• _Data under study_:
○ ○ ○ ○ ○

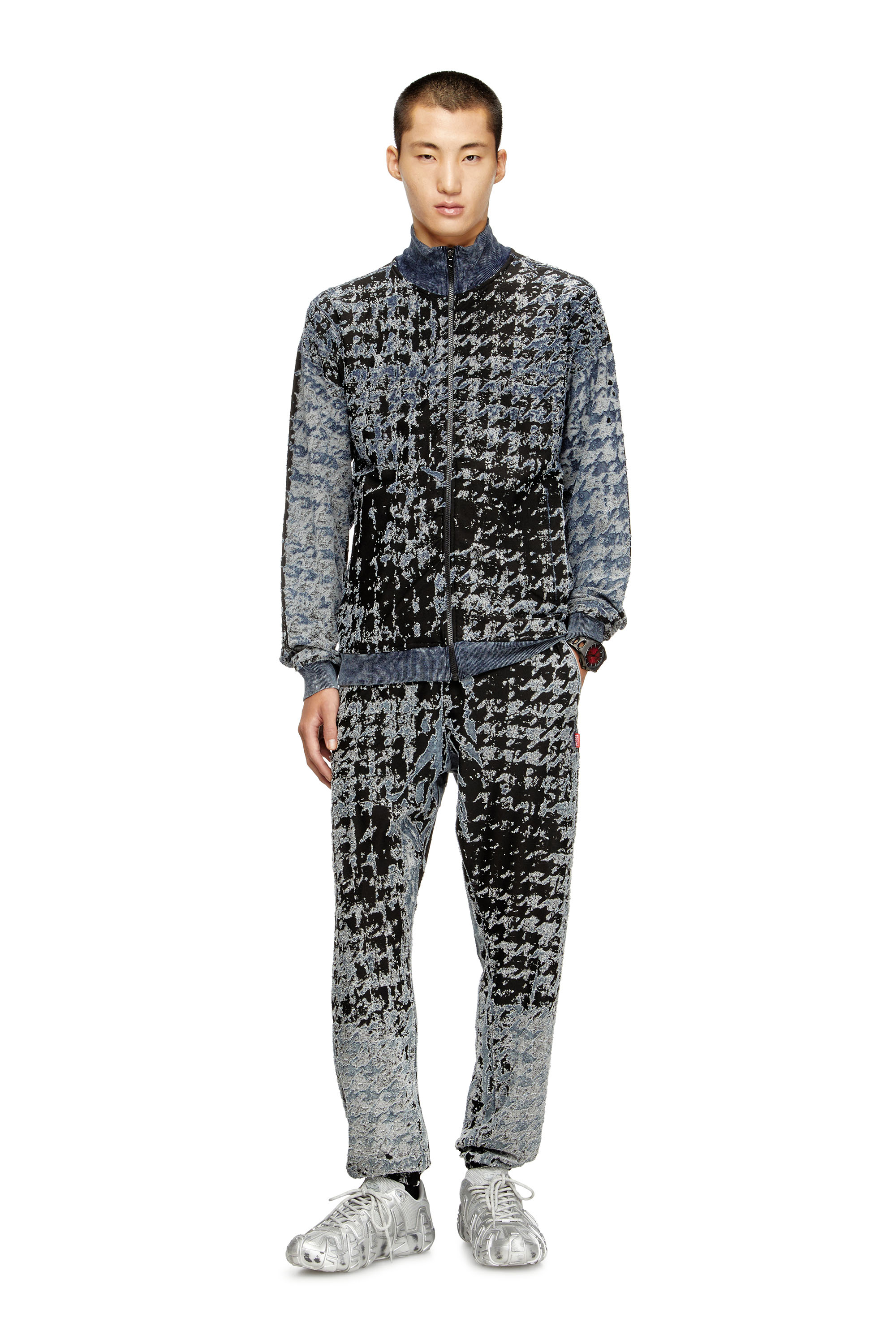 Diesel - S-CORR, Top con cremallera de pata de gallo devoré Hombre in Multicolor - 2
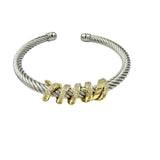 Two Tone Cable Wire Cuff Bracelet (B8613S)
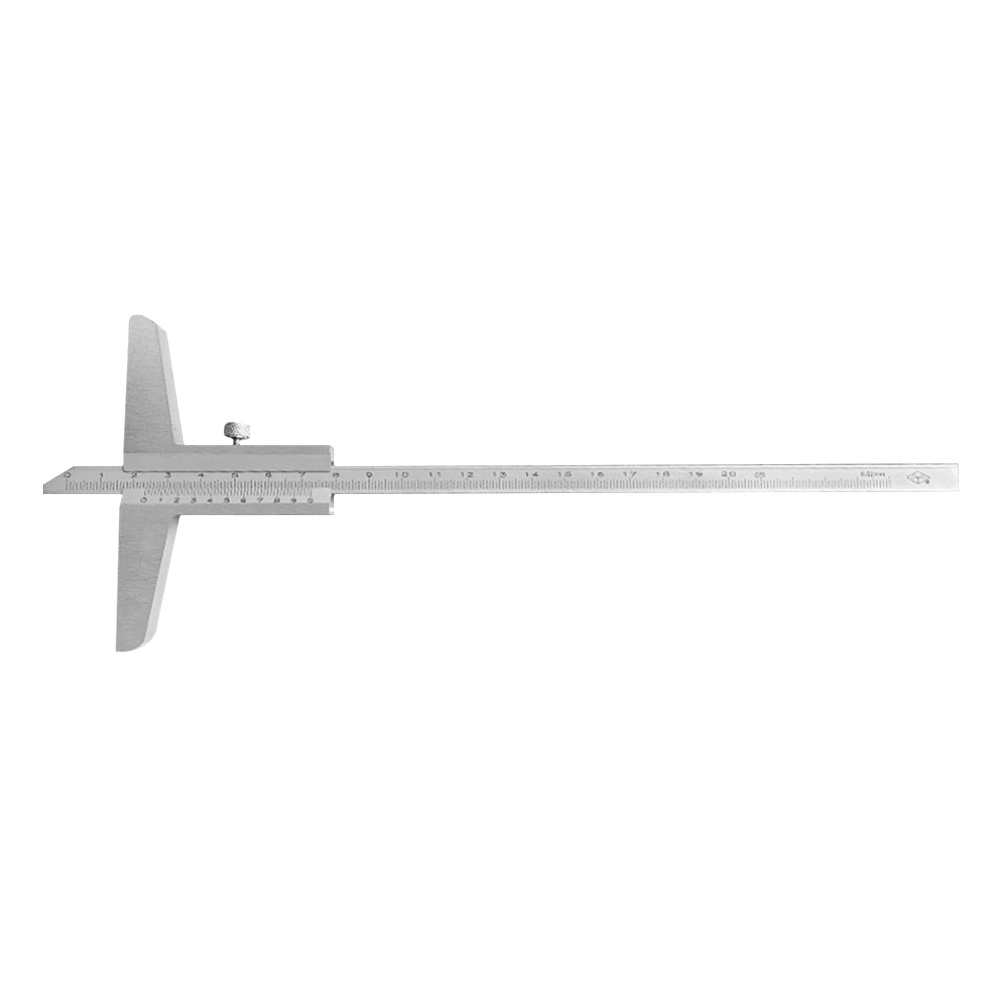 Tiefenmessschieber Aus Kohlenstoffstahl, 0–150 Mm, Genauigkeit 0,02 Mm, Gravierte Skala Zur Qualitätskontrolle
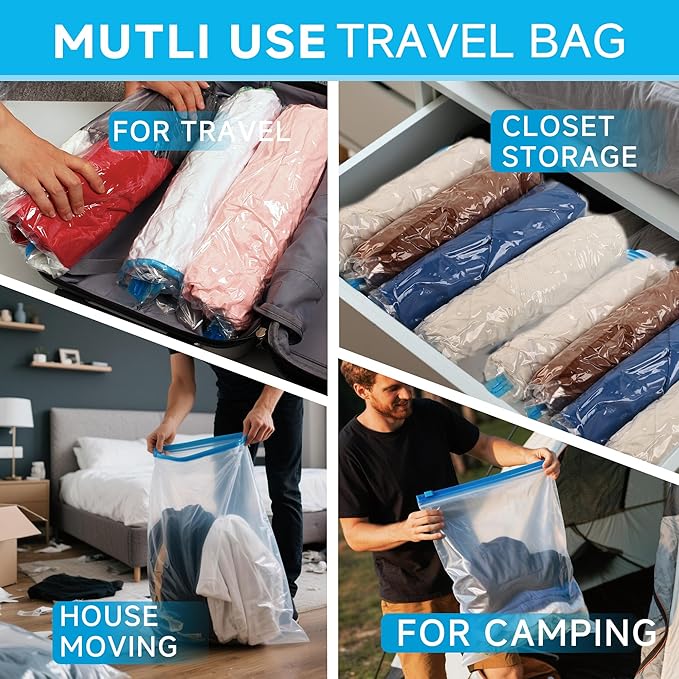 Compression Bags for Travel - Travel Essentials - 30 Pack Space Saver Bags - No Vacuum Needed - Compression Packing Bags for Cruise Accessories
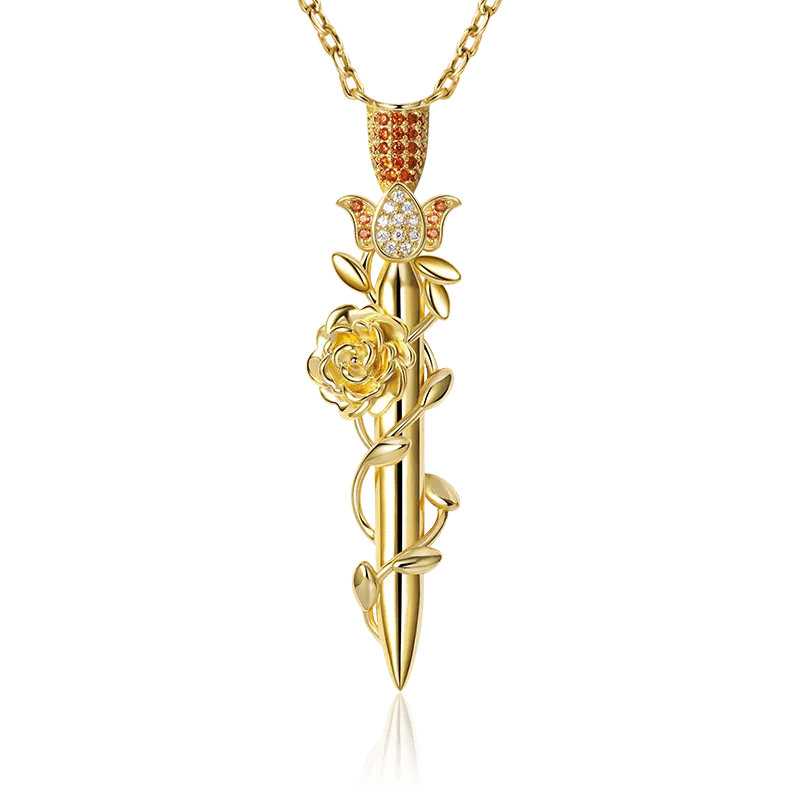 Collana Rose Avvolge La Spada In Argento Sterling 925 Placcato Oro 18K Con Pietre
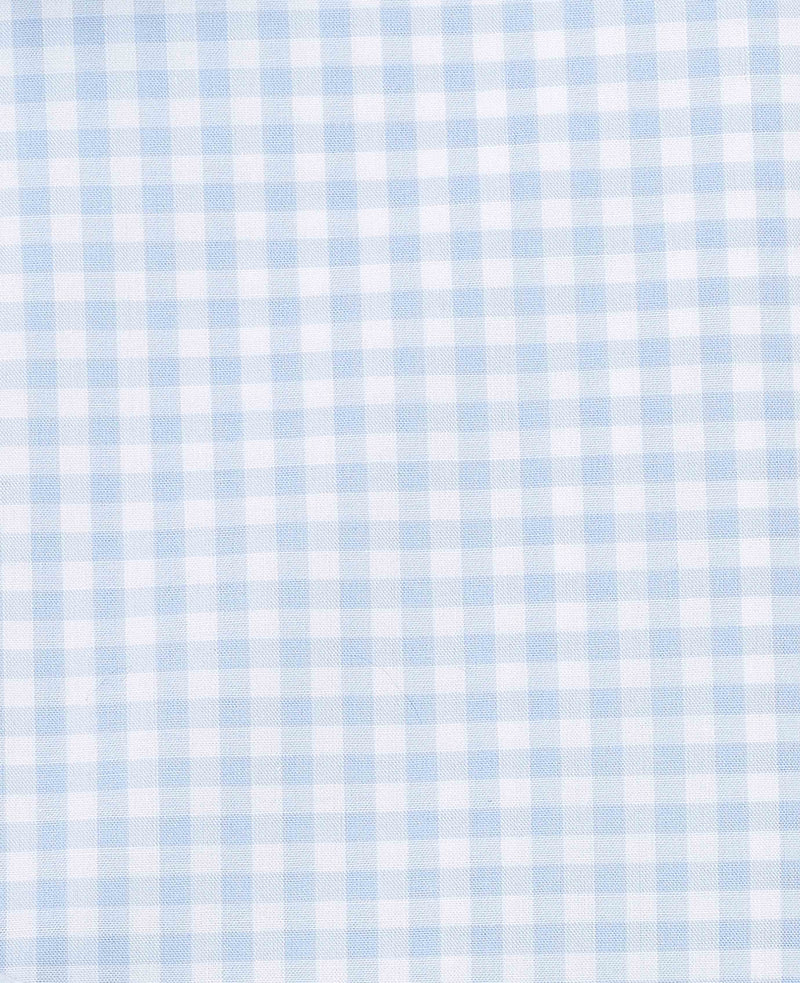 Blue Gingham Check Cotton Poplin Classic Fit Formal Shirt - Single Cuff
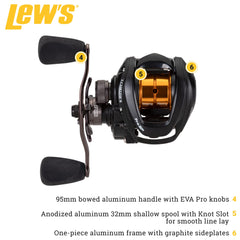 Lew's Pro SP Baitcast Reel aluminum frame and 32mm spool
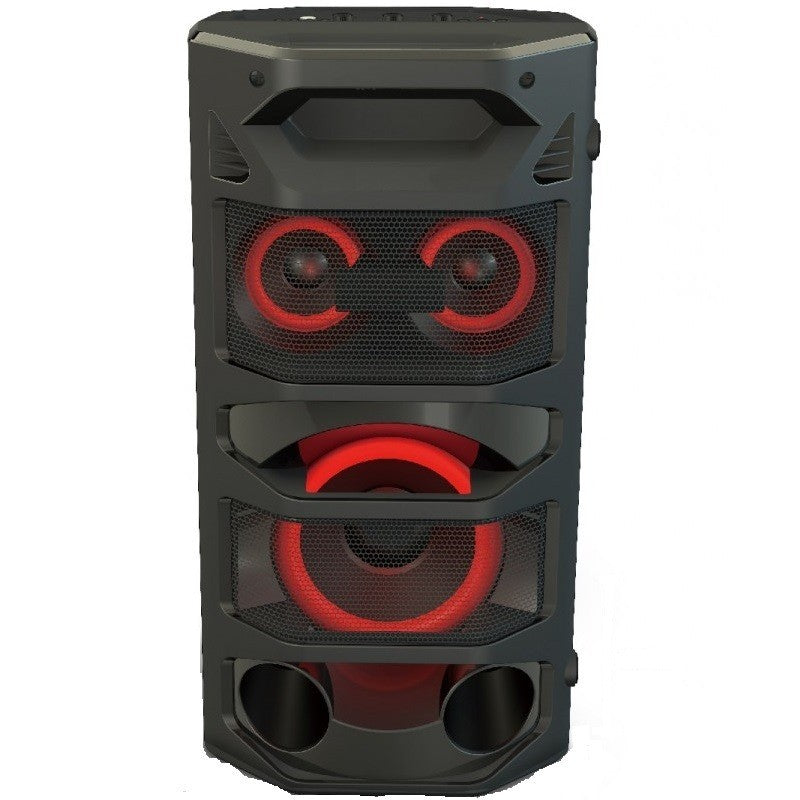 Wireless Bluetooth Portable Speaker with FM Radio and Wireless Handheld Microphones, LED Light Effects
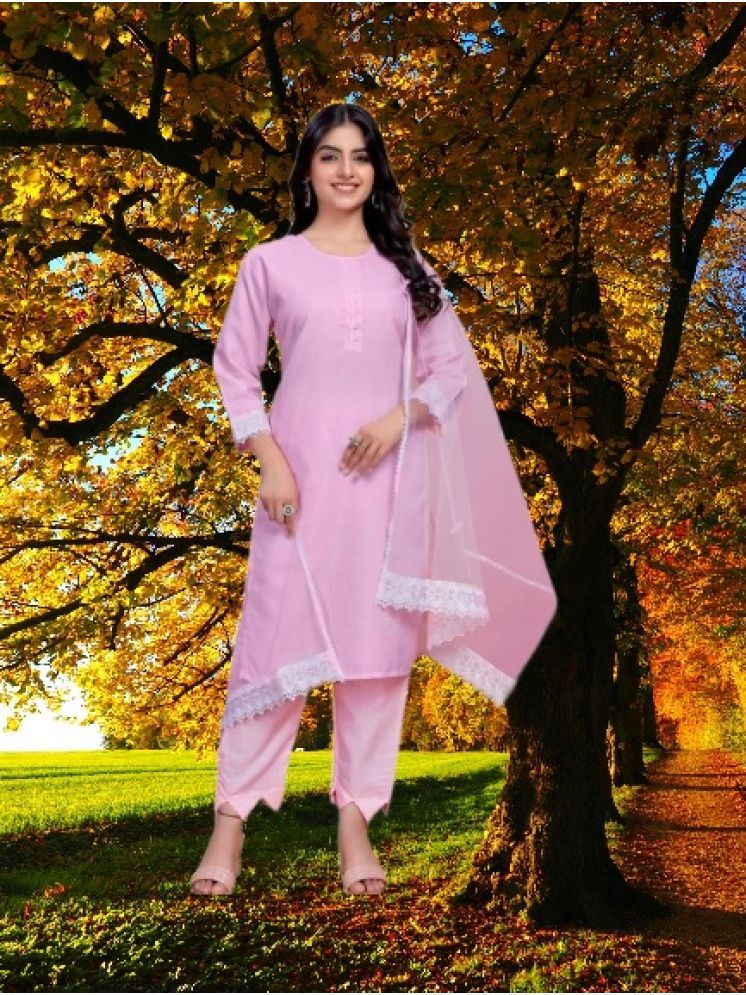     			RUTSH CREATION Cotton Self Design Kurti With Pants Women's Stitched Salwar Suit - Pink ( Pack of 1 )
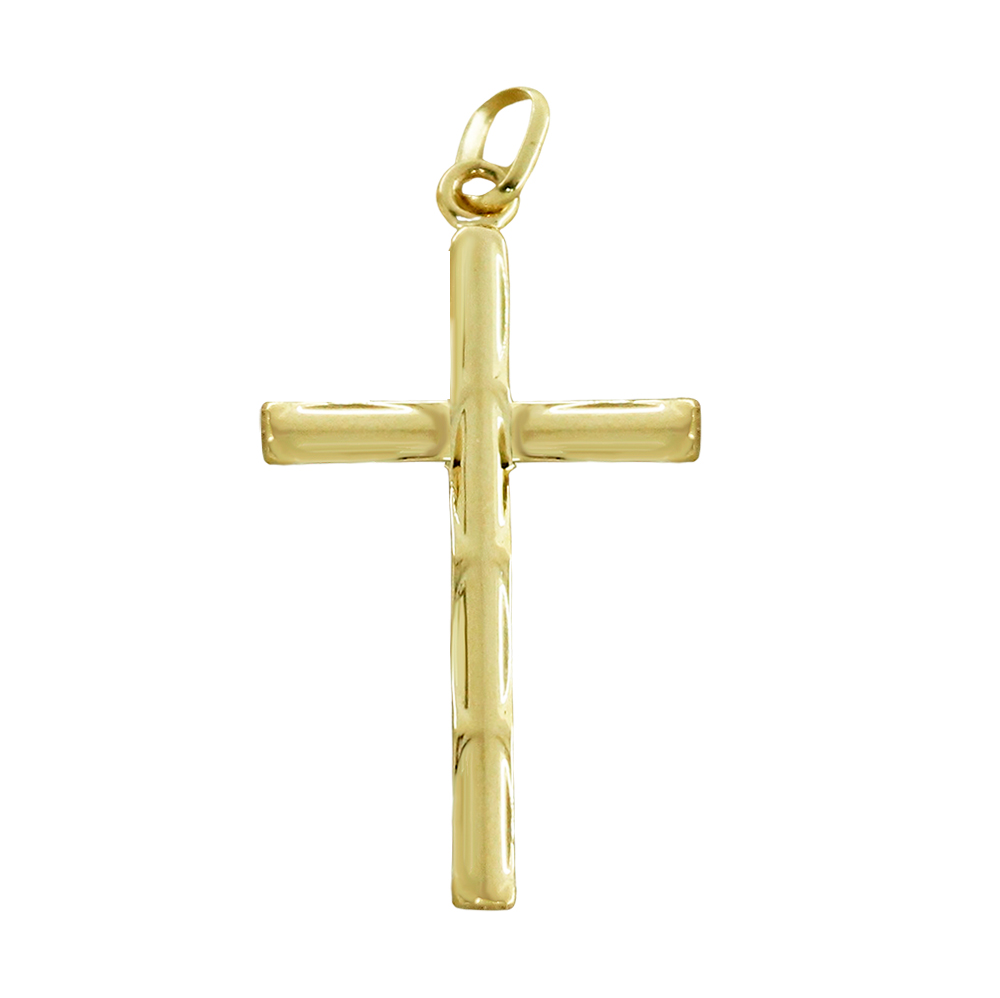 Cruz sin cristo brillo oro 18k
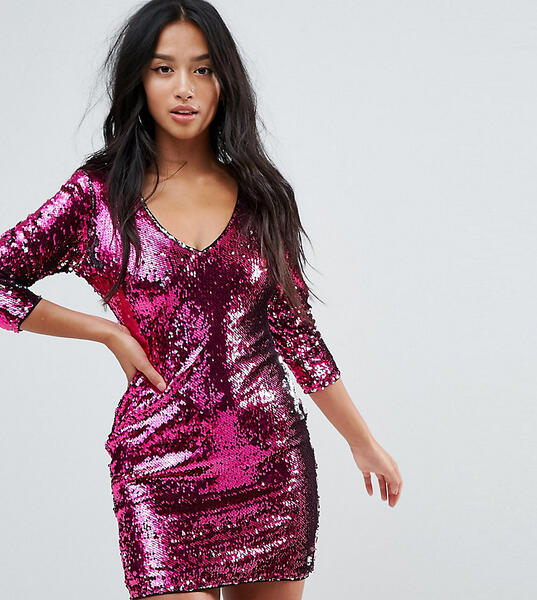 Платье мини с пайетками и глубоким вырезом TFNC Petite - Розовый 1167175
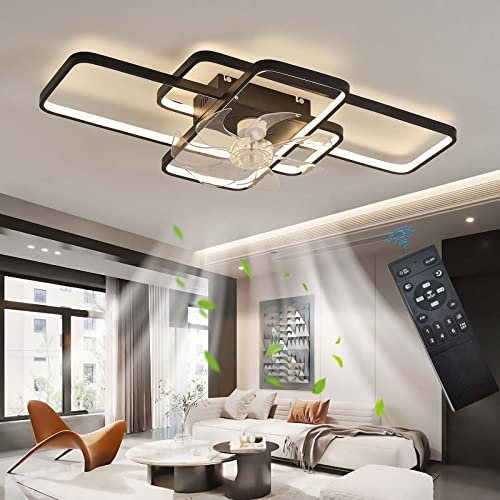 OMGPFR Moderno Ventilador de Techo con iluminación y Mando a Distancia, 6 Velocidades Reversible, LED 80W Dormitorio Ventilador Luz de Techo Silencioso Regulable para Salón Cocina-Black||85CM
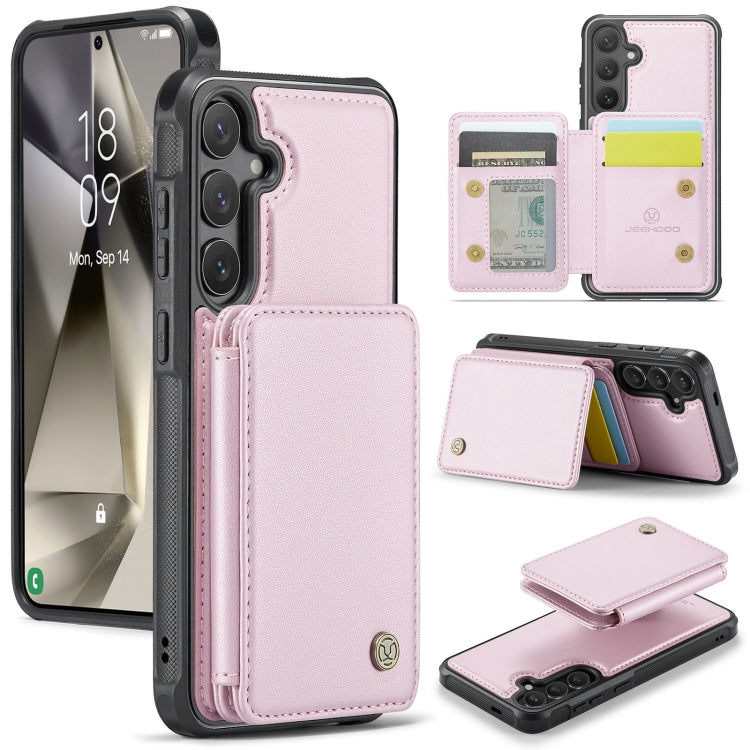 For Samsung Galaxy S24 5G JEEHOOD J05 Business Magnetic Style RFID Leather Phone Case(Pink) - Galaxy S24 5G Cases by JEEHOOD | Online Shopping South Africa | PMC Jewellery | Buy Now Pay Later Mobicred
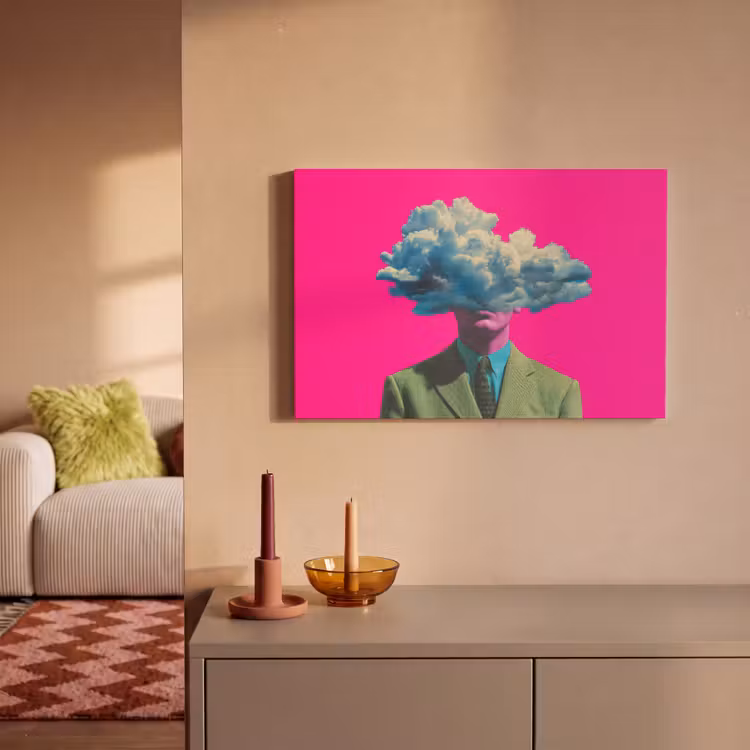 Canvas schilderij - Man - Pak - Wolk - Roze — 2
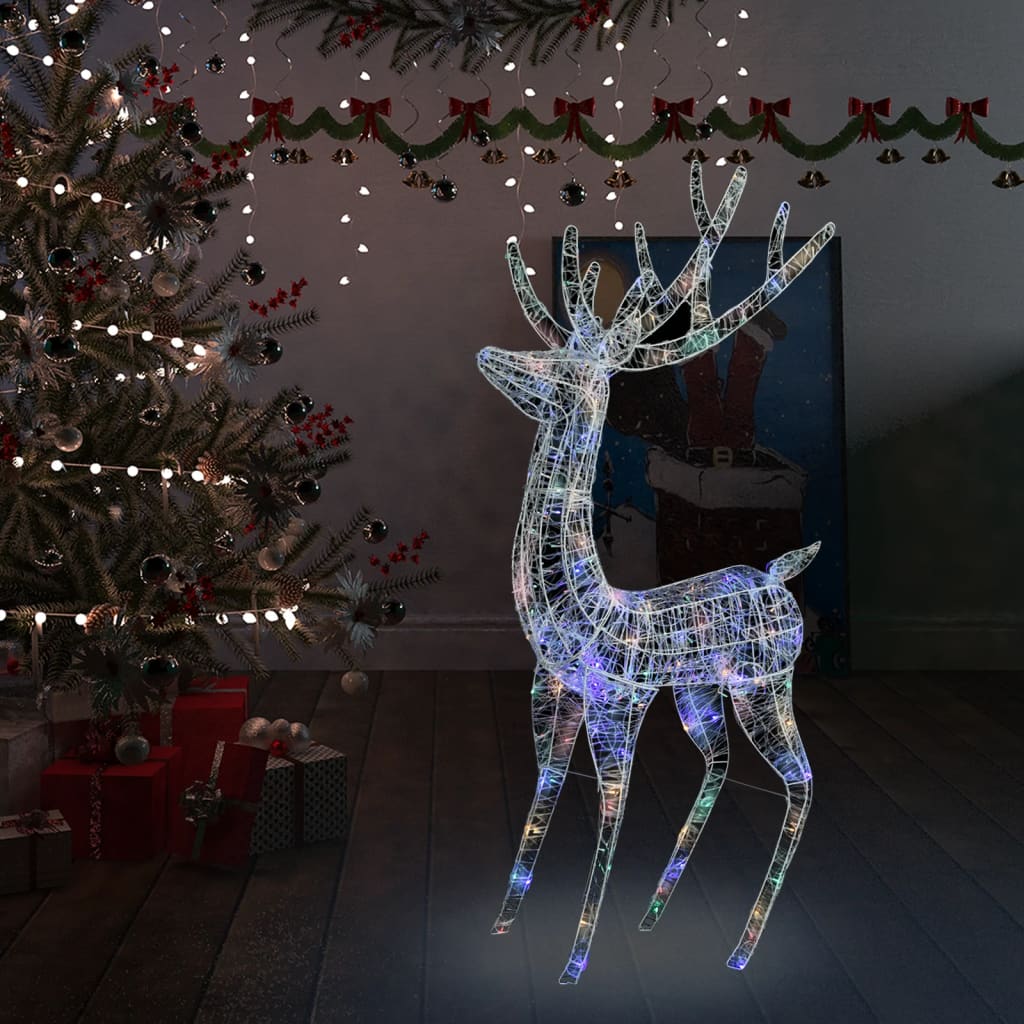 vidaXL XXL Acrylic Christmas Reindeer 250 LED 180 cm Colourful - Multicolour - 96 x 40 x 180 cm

○ ○ ○ ○ ○

• _Assigned task_: Using the listing above, reproduce word for word every line from the one containing "Tiefenmessschieber Aus Kohlenstoffstahl, 0–150" through the one containing "Collana Rose Avvolge". Pictures must be left out.

• _Exercise output_:
 Tiefenmessschieber Aus Kohlenstoffstahl, 0–150 Mm, Genauigkeit 0,02 Mm, Gravierte Skala Zur Qualitätskontrolle
 Compression Bags for Travel - Travel Essentials - 30 Pack Space Saver Bags - No Vacuum Needed - Compression Packing Bags for Cruise Accessories
 Collana Rose Avvolge La Spada In Argento Sterling 925 Placcato Oro 18K Con Pietre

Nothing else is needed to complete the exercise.